Some time back, I was branded “pretentious” by a friend of a friend because I used some “SAT words” in conversation.
Maybe because I read a lot, or enjoy leaning words, I tend to use some “big” words, kinda like you usually only run into while studying for the SAT or something. My wife enjoys when I do it, but she points it out to me so I don’t come off as a douche-wad to other people. I don’t really care though.
Some words I’ve used with some regularity over the years:
I’m a bit of an architecture nerd and I’m not afraid to use the word fenestration. Bonus points if you can use it as the antepenultimate word in a sentence.
Impetus is one I use every few weeks when I need to know the impetus of something.
Circumambulate if I want to ask somebody to walk around the building with me.
I love perfectly cromulent words.
Terse, banal, and subterfuge (though I can’t think of a good way to slip the latest into a work email) seem commonplace IMO. Maybe banal is a little unorthodox.
Nonplussed is useless, because you can’t know how your audience will interpret it (and whether they will think you are using it correctly).
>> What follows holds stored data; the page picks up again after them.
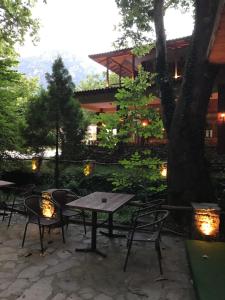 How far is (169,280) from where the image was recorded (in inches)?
162

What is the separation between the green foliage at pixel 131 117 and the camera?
7.13 m

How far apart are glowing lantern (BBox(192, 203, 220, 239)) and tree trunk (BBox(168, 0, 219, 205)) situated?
1.42 meters

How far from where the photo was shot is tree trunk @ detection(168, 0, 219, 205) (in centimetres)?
647

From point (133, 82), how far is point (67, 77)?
2728 millimetres

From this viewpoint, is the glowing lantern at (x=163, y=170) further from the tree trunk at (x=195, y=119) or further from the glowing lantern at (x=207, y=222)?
the glowing lantern at (x=207, y=222)

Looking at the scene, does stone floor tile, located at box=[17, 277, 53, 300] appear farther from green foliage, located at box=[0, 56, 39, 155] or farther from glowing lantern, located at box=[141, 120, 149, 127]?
green foliage, located at box=[0, 56, 39, 155]

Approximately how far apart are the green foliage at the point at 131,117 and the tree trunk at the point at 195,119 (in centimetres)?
85

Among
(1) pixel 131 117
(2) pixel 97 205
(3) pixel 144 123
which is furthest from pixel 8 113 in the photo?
(2) pixel 97 205

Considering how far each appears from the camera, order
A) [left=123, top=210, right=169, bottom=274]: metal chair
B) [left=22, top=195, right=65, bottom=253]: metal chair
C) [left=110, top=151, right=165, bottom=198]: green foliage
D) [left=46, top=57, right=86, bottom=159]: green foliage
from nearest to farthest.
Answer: [left=123, top=210, right=169, bottom=274]: metal chair < [left=22, top=195, right=65, bottom=253]: metal chair < [left=110, top=151, right=165, bottom=198]: green foliage < [left=46, top=57, right=86, bottom=159]: green foliage

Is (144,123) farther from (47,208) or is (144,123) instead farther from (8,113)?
(8,113)

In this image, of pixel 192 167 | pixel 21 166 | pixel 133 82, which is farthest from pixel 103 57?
pixel 192 167

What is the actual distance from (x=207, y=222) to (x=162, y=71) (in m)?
4.46

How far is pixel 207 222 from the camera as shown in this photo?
5.01 m

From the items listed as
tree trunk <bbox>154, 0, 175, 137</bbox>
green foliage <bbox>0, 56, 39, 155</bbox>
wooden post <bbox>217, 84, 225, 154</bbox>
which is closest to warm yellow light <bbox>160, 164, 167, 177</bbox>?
tree trunk <bbox>154, 0, 175, 137</bbox> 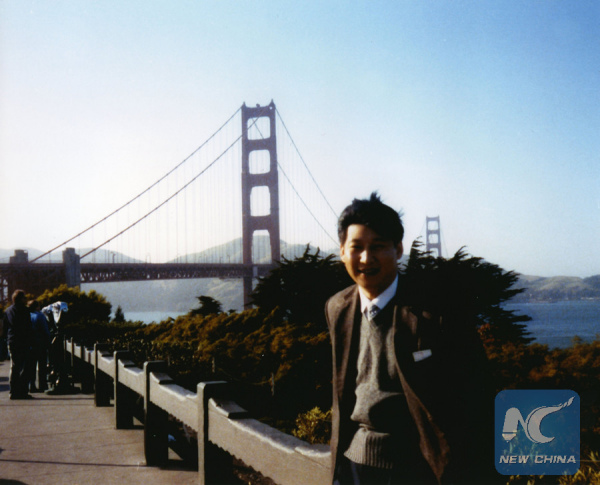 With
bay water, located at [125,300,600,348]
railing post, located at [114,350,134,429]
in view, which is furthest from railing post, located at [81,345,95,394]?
railing post, located at [114,350,134,429]

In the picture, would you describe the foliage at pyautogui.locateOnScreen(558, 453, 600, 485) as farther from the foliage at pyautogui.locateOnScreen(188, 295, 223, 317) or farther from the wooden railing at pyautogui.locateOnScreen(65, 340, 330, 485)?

The original (and outside the US, still current) meaning is to be confused by something… whereas the popular (to the extent the word is popular) US meaning is to be unperturbed by something.
So it either means confused or not confused, depending on the geography and education of your audience.
Oh, I used the word ‘attenuate’ once and it seemed almost nobody knew what that meant. Including my boss, who was a PhD economist and pretty well read. Or so I thought!